According to Thijs, this capability transfer is what ensures long-term sustainability for LelyPharma. “The system is not only documented, it is understood,” he says. “That makes it maintainable, defensible and resilient over time.”
A modern Cleaning Validation Policy as backbone
“A key element of the transformation was the development of a modern Cleaning Validation Policy”, says Paul. “This policy provides a clear, CMO tailored, future-oriented structure for acceptance criteria, sampling strategies, rationale development and documentation principles”.
Thijs Booiman explains that the Cleaning Validation Policy was deliberately supported by a fully harmonised documentation structure. Together, Progress and LelyPharma developed a consistent set of protocols and reports, designed to be used across all production trains. “We were very deliberate about using the same logic, terminology and decision-making principles throughout,” he says. “That consistency is what turns separate documents into a coherent system.”

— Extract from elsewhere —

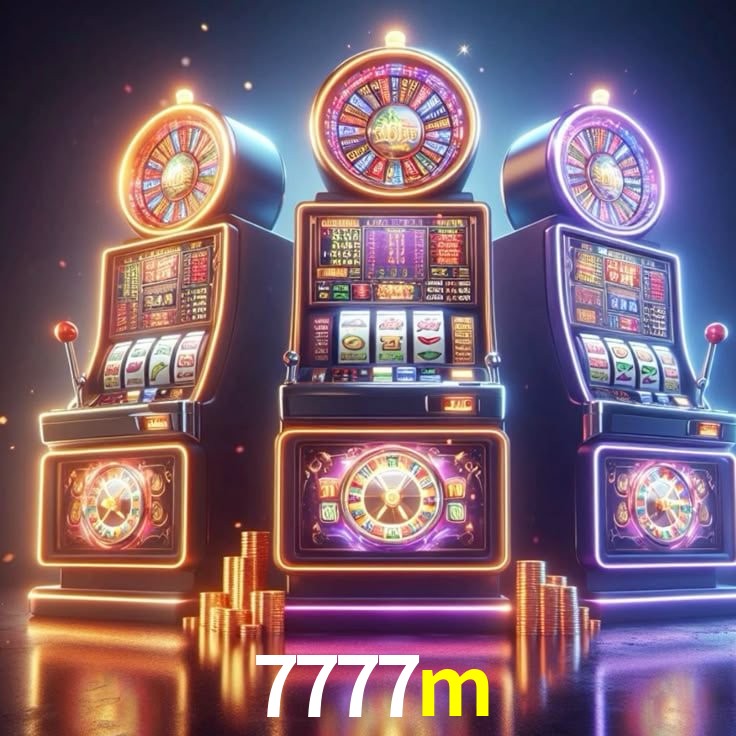 7777m bet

According to Thijs, this harmonisation creates a clear and traceable storyline, from the initial assessment through to final approval. It allows decisions to be followed, explained and defended, both internally and during audits. “When every document speaks the same language, the framework becomes much easier to maintain and much stronger from a compliance perspective,” he concludes.
This harmonisation significantly improved audit readiness and made the validation strategy easier to explain and defend during inspections. The new system has been formally reviewed by both the IGJ and the FDA, and according to LelyPharma CEO Bart Quik, the FDA inspector commented that it was “an outstanding cleaning validation program”, a clear recognition of Progress’s innovative approach, the quality and robustness of the framework.

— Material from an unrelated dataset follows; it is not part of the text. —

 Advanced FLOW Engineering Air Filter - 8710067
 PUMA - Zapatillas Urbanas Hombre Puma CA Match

A system that moves with the business
The real value of the framework lies in its alignment with business operations. Validation runs were planned around natural equipment availability, safeguarding production continuity and avoiding unnecessary downtime. At the same time, the modelling-based structure ensured that cleaning validation coverage remained comprehensive and defensible.
Paul explains that by embedding structured impact assessments into the framework, cleaning validation became part of broader operational and commercial decision-making at LelyPharma. “It is no longer a standalone compliance exercise,” Paul says. “It is a system that now constantly works for the client, supports change, whether that change involves new products, equipment modifications or portfolio decisions.”
The result is a robust, future-proof cleaning validation framework that aligns fully with the realities of modern pharmaceutical contract manufacturing. “It moves with the business,” Paul concludes, “strengthening oversight while enabling agility, rather than constraining it.”